16. The obsolete verb, to kill.—Ed.
17. This is a curious mode of expressing the awful gradation of a sinner. 1. To go in the way of sinners. 2. To enter into their counsels. 3. To sit in the scorner's seat, here called 'the chair of pestilence.' This is from the vulgate Latin, which renders it pestilentiae.—Ed.
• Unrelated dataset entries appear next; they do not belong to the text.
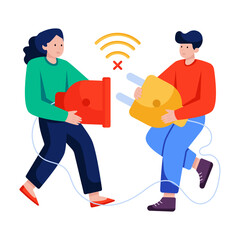 Conceptual flat design illustration of plugin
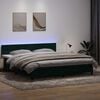 vidaXL Cama box spring con colch&oacute;n y LED terciopelo verde oscuro 180x220 cm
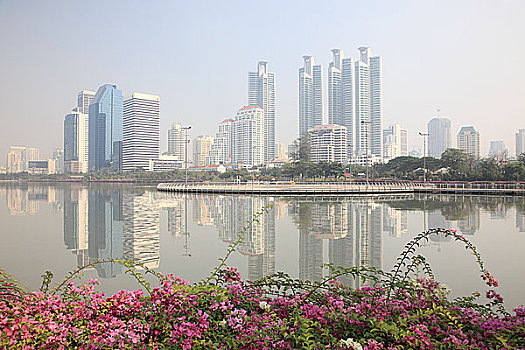 湖,高层建筑,建筑,曼谷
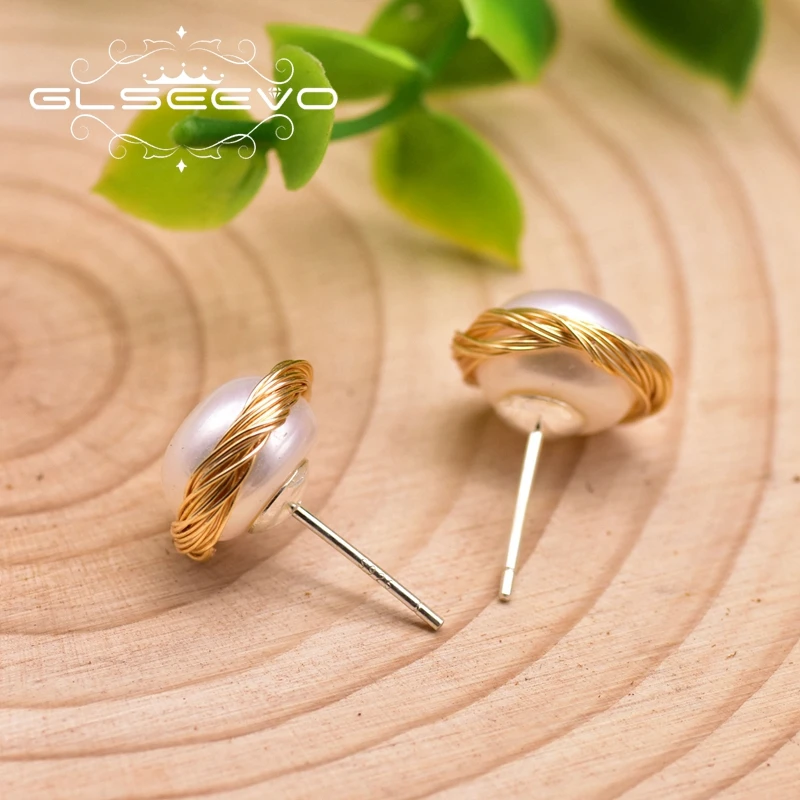 Женские серьги-гвоздики из серебра 925 пробы с пресноводным барочным жемчугом |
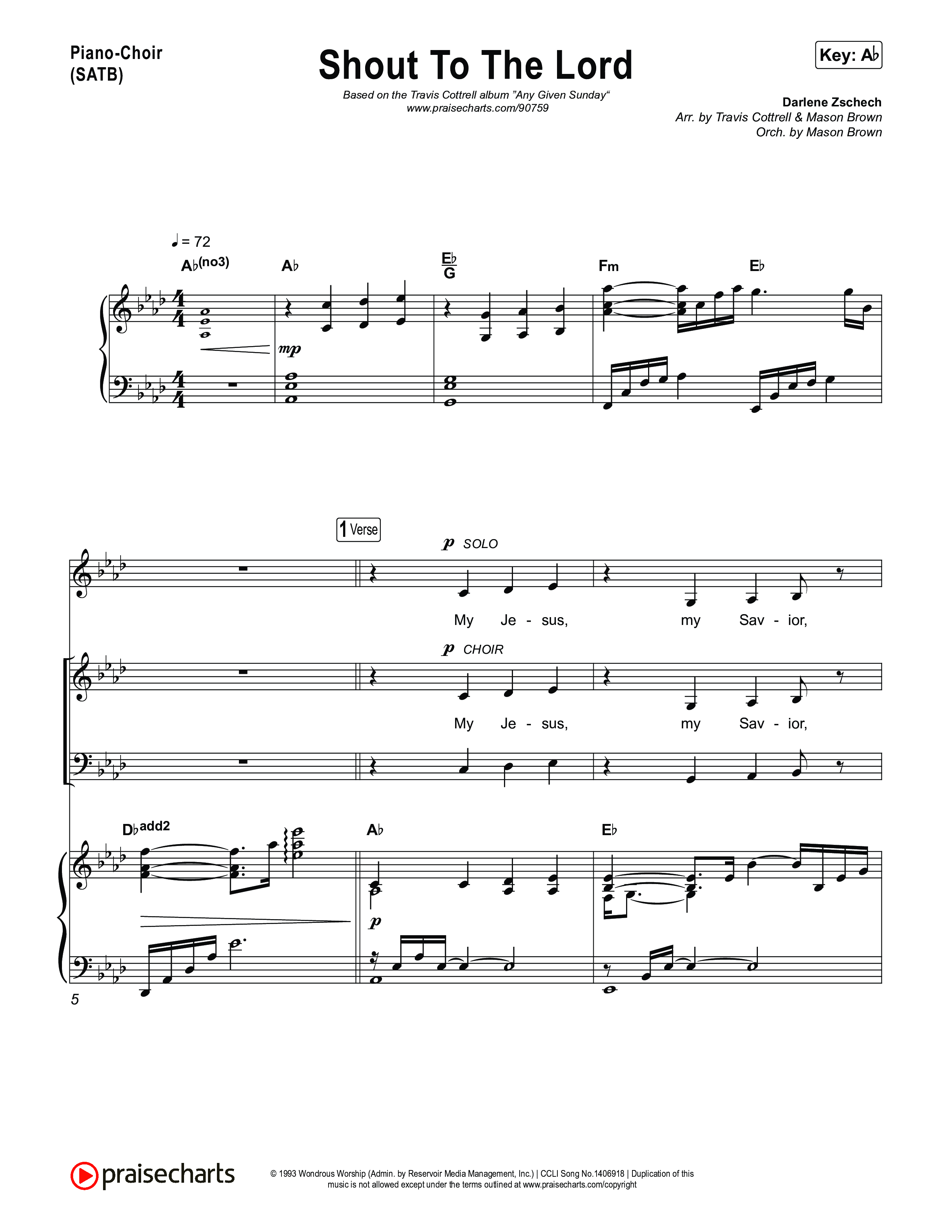 Shout To The Lord (Choral/SATB) Piano/Vocal (SATB) (Travis Cottrell / Brooke Voland / Arr. Mason Brown)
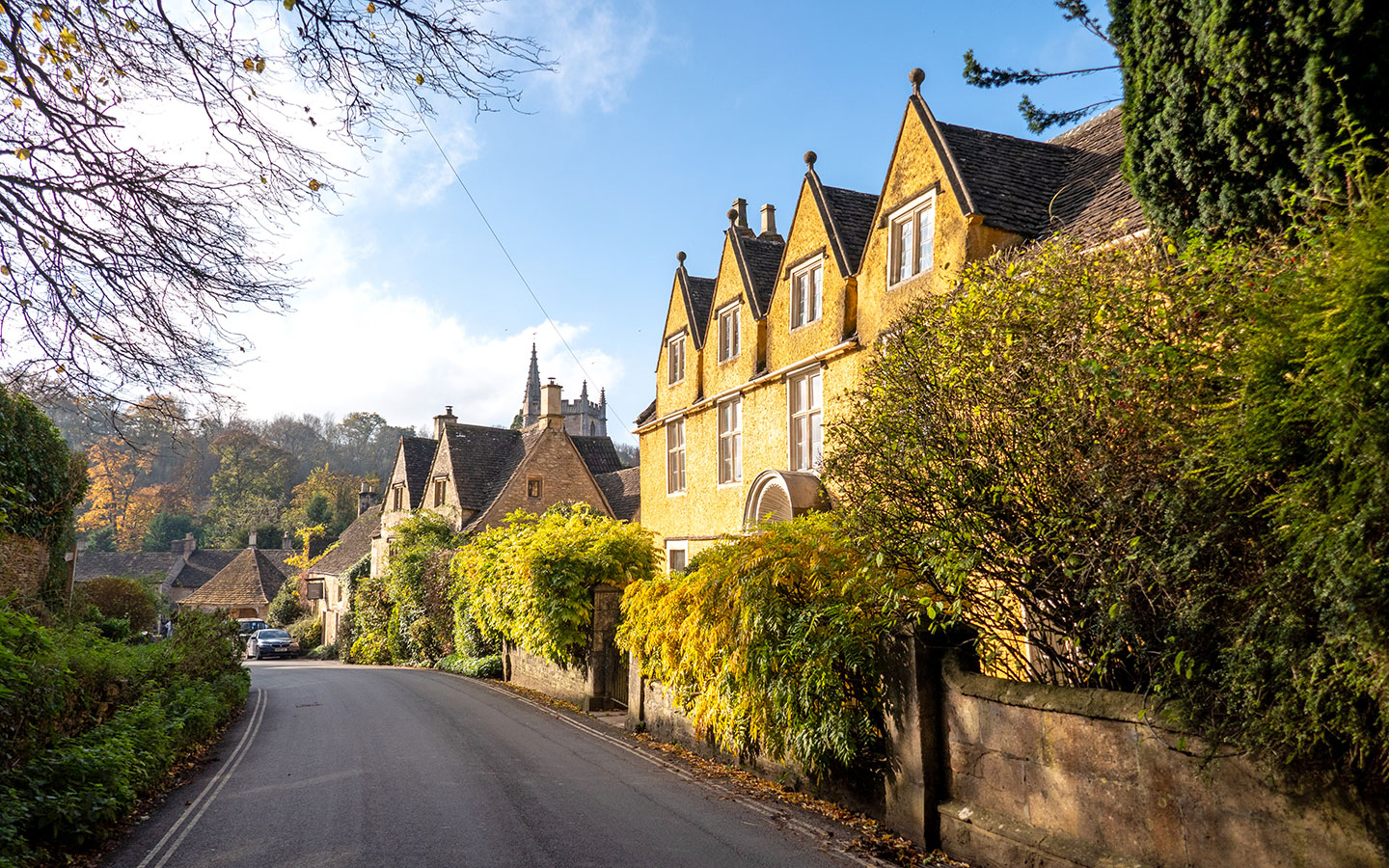 The road from Upper to Lower Castle Combe in the Cotswolds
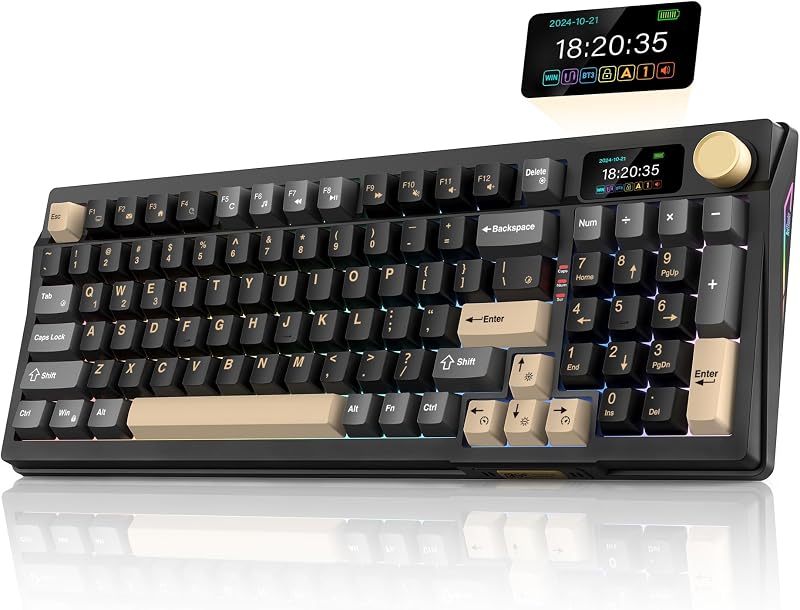 K95 Wireless Mechanical Keyboard, TFT Screen & Knob, Tri-Mode BT5.0/2.4GHz/USB-C Hot Swappable Custom, Pre-lubed Linear Pink Switches, Gasket Structure, RGB Gaming Keyboard, Black-Gold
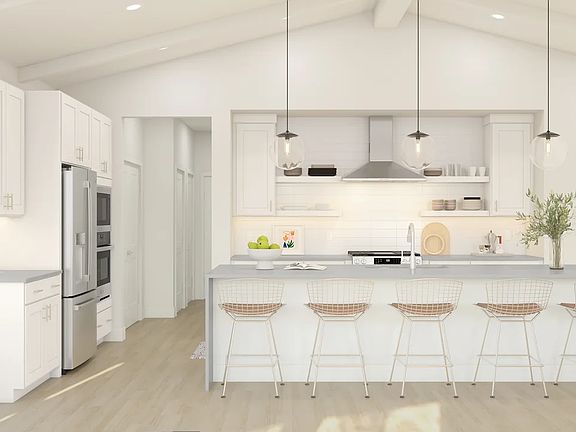 Kitchen with pendant lighting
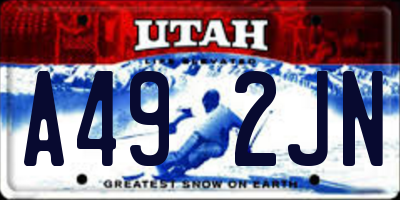 UT license plate A492JN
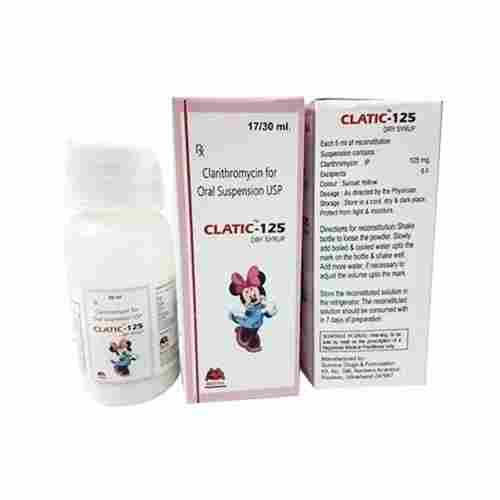 Clatic-125 Clarithromycin Antibiotic Pediatric Oral Suspension, 30 ML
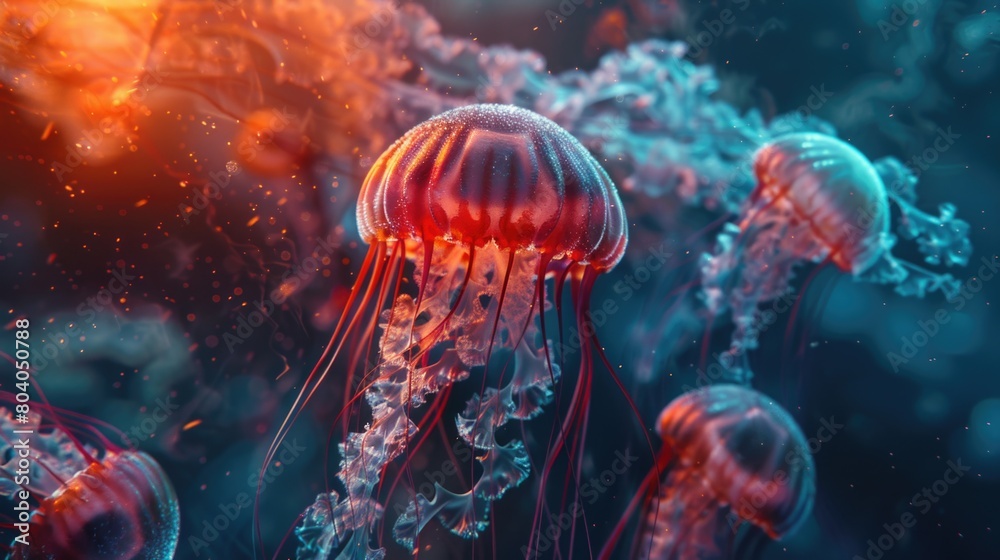 Obraz premium Group of jellyfish in their natural habitat, perfect for marine life concepts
18. Pomponius Algerius, born in Capua, a young man of great learning, was student in the University of Padua, where he, not being able to conceal the verity of Christ's gospel which he learned by the heavenly teaching of God's grace, ceased not, both by doctrine and example of life, to inform as many as he could in the same doctrine, and to bring them to Christ; for which he was accused of heresy, and brought to Rome, where he was burned alive. He wrote this letter while in prison at Venice.—See Fox's Acts and Monuments, edit. 1631. vol. ii. p. 181.
Mr. Southey thought that this letter gave Bunyan some germ of his Pilgrim's Progress!! He takes it from the words, 'In this world there is no mansion firm for me, and therefore I will travel up to the New Jerusalem, which is in heaven.'—Life of Bunyan, p. xc.—Ed.
19. Thus the blood of the martyrs was the seedtime of the church, and it produced an abundant harvest. That God suffered the choicest of his saints to pass through such dreadful sufferings in their way to glory, is a proof that God's ways are not our ways, but they are infinite in wisdom and mercy.—Ed.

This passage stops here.